El nivel de utilización de la infraestructura productiva en las pequeñas y medianas industrias promedió el 57,1%, lo que representó un avance de 0,7 puntos porcentuales respecto al mes anterior. En el análisis discriminado por ramas de actividad, los mayores ratios de explotación del capital físico se concentraron en los rubros de Papel e impresiones (61,7%) y de Alimentos y bebidas (59,7%). Por el contrario, los registros más bajos en la operatividad de las plantas se computaron en Químicos y plásticos, con un piso de uso del 53,8%, seguido por Textil e indumentaria, que operó con una tasa media del 54,5%.

El retroceso de la actividad fabril durante el período respondió a la pérdida de liquidez en los canales comerciales y al incremento en el valor de las materias primas fundamentales. Esta dinámica restrictiva en el poder de compra de los consumidores atenuó el impacto positivo de la llegada del frío sobre el sector textil, o de los factores estacionales vinculados al rubro papelero. De manera complementaria, el incremento en la estructura de costos fijos, la competencia generada por la apertura de importaciones y la ralentización de las órdenes de compra en el segmento metalmecánico profundizaron la contracción de los volúmenes despachados, impulsando a las empresas a reducir el tamaño de sus lotes productivos y a flexibilizar los plazos de financiamiento.

Frente a este escenario de contracción operativa, la rentabilidad sectorial experimentó un fuerte deterioro debido a la imposibilidad de trasladar el alza de los insumos petroquímicos y metalúrgicos a los valores de góndola.
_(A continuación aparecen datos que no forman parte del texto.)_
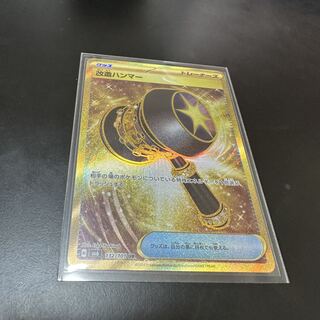 Enhanced Hammer UR 132/101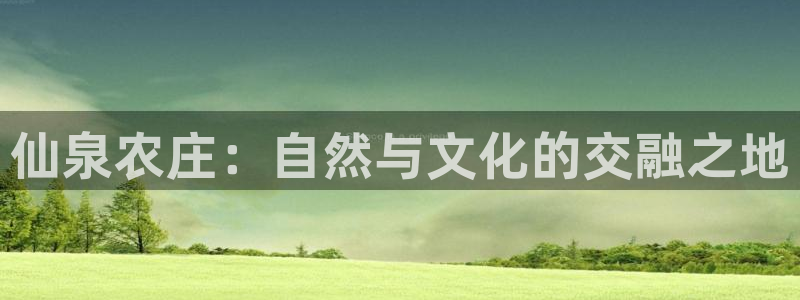 天辰娱乐557448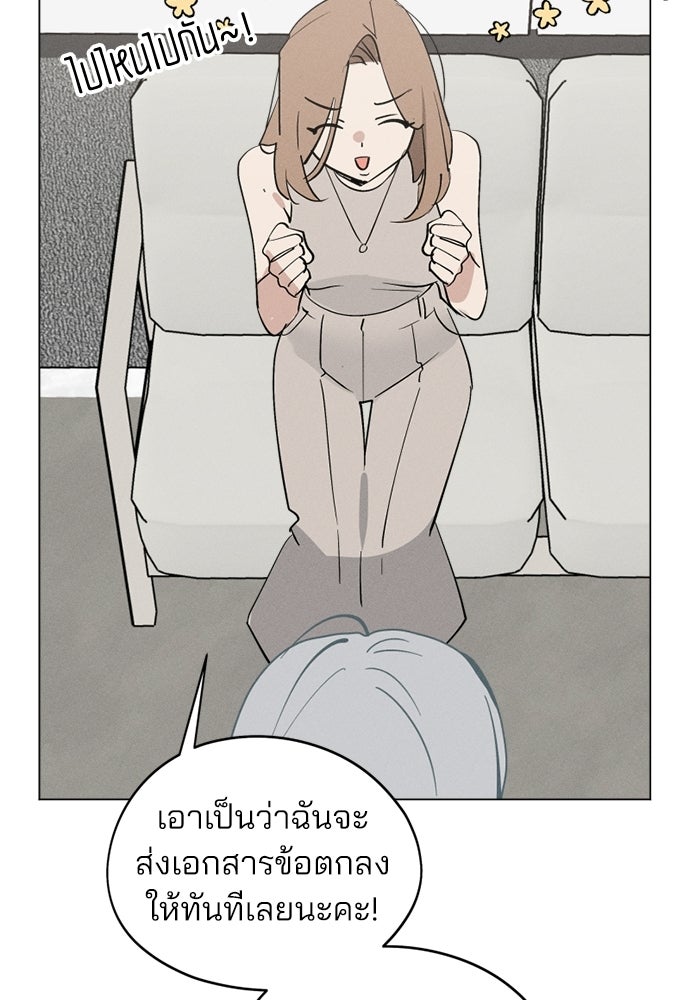 สวยเองนักเลงพอ - หน้า 77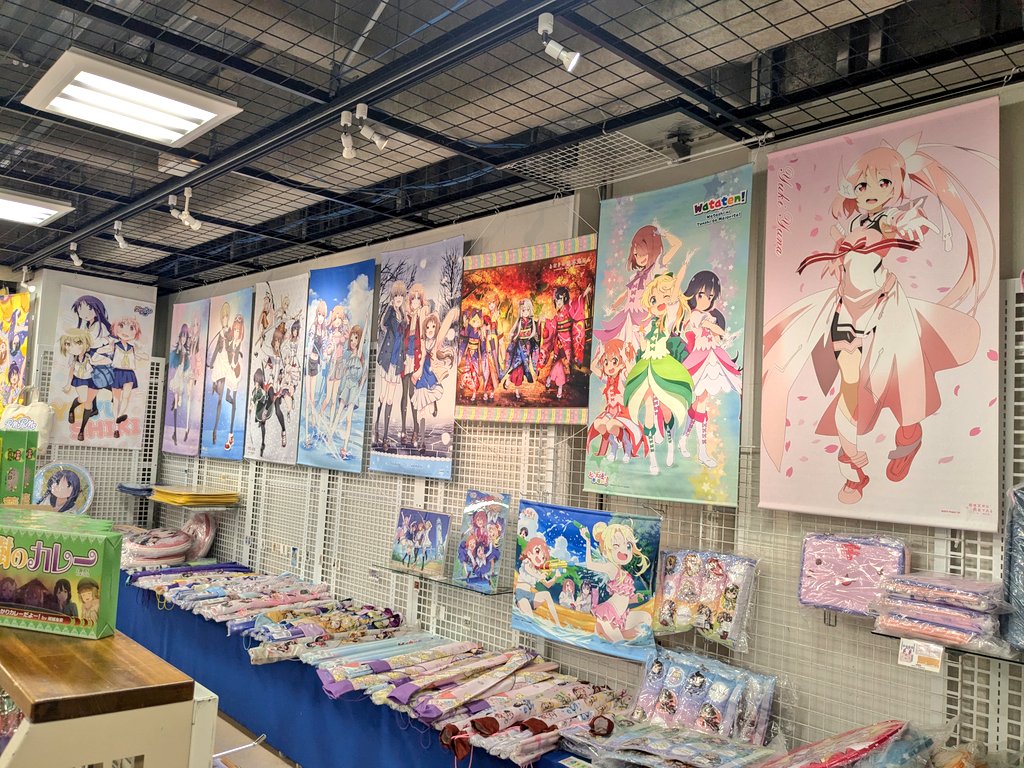 「俺達の平成が そこにはあった- 」|天然パーマのイラスト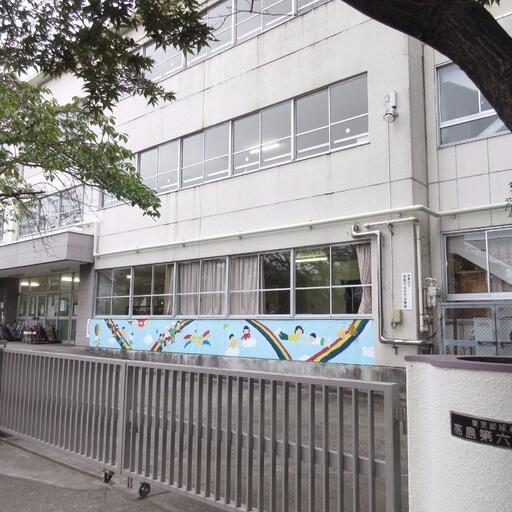 板橋区立高島平第6小学校まで徒歩7分(550m) だから安心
La persistencia del apretón monetario se sumó al peso de los costos impositivos y fijos. De esta manera, obligó a las gerencias a priorizar el sostenimiento del flujo de caja mediante la liquidación de existencias acumuladas. Ante la consolidación de un esquema de compras fragmentadas y la sustitución de bienes hacia segundas marcas, las plantas fabriles adoptaron paradas técnicas y esquemas de producción bajo pedido. Estas decisiones de contingencia comercial buscaron preservar la cartera de clientes activos mediante planes de financiamiento con tarjetas y bonificaciones al contado. Así se intentó amortiguar la capacidad ociosa ante la falta de incentivos económicos para el corto plazo.

Al evaluar las proyecciones para el período venidero, más de la mitad de los establecimientos fabriles (52,7%) previó una expansión en sus escalas productivas, frente a una porción menor del 10,1% que consideró un retroceso en su actividad. En lo que respecta al balance interanual del contexto industrial, un 49,5% de las empresas percibió un panorama sin variaciones significativas, mientras que un 42,7% identificó un escenario comercial adverso. En materia de asignación de recursos, la tendencia se inclinó hacia la postergación: un 49,7% de los directivos evaluó el contexto macroeconómico como inadecuado para el desarrollo de obras o equipamiento, en tanto que la intención de ejecutar nuevos desembolsos ascendió al 22%, consolidando una leve mejora frente al 18,6% registrado en la medición previa.